The European Commission released a series of measures on Tuesday aimed at bolstering its sustainable finance framework, including a new proposal to regulate ESG ratings providers, and the introduction of a new set of criteria for sustainable economic activities under the EU Taxonomy.
The sustainable finance framework is aimed at helping facilitate the flow of capital needed to finance the EU’s sustainability goals, including the ambitions of the European Green Deal, such as reducing net greenhouse gas emissions by at least 55% by 2030 and achieving climate neutrality by 2050.
The Commission estimates that achieving the objectives of the Green Deal will require investments of around €700 billion per year, with the bulk coming from private funding.
The framework’s key building blocks include the EU Taxonomy, rules on disclosures and reporting for companies and investors, and tools such as standards and labels enabling the development of sustainable investment solutions and avoid greenwashing.
Calls to regulate the ESG ratings sector have increased in recent years, as investors increasingly integrate ESG considerations into the investment process, yet the activities and businesses of the providers are generally not covered by markets and securities regulators.
In early 2021, European markets regulator ESMA issued a letter to the European Commission’s financial services coordinator Mairead McGuinness, advising that the current unregulated status of the ESG ratings sector and the resulting lack of transparency posed a potential risk to investors. In July 2021, the Commission launched a new Sustainable Finance Strategy, which included a pledge to take action to improve the reliability, comparability and transparency of ESG ratings, and subsequently asked ESMA to begin examining the market participants.

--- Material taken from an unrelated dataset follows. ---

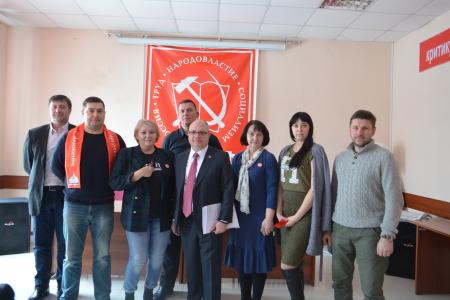Депутат Госдумы Сергей Гаврилов: Общественные организации Белгородчины претендуют на 460 президентских грантов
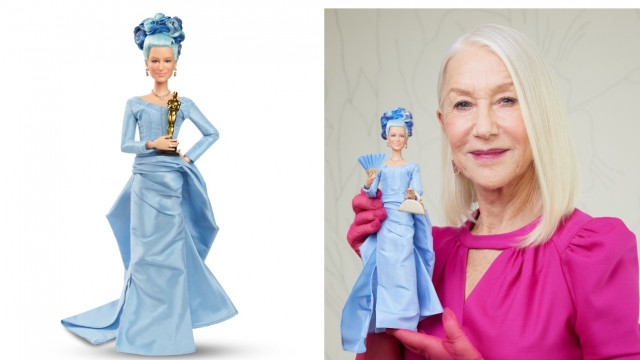 Barbie honors Helen Mirren and 8 other women with 'Role Model' dolls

Under the new proposals, ESG ratings providers will be supervised by ESMA to ensure the quality and reliability of their services, and the providers will be required to use methodologies that are “rigorous, systematic, objective and subject to validation.” The proposals also include organizational requirements to prevent potential conflicts of interest, and transparency rules regarding the methodologies, models and key rating assumptions underlying the provider’s ratings activities.
The EU Taxonomy is part of the EU Action Plan on Sustainable Finance, established by the EU Technical Expert Group on Sustainable Finance’s (EU TEG). The taxonomy is a classification system enabling the categorization of economic activities that play key roles in contributing to at least one of six defined environmental objectives, and no significant harm done to the other objectives.
The taxonomy took effect in 2022, beginning with the first two climate objectives. The new criteria introduced today by the Commission significantly expands the taxonomy to include the remaining objectives, which include sustainable use and protection of water and marine resources, transition to a circular economy, pollution prevention and control, and protection and restoration of biodiversity and ecosystem.
Mairead McGuinness, Commissioner for Financial Services, Financial Stability and Capital Markets, said:
“Today we are taking steps to further develop the EU Taxonomy. And we are bringing more transparency and integrity to the market by introducing rules on the operations of ESG rating agencies. Enhancing the usability and coherence of the sustainable finance framework will be our key priority.”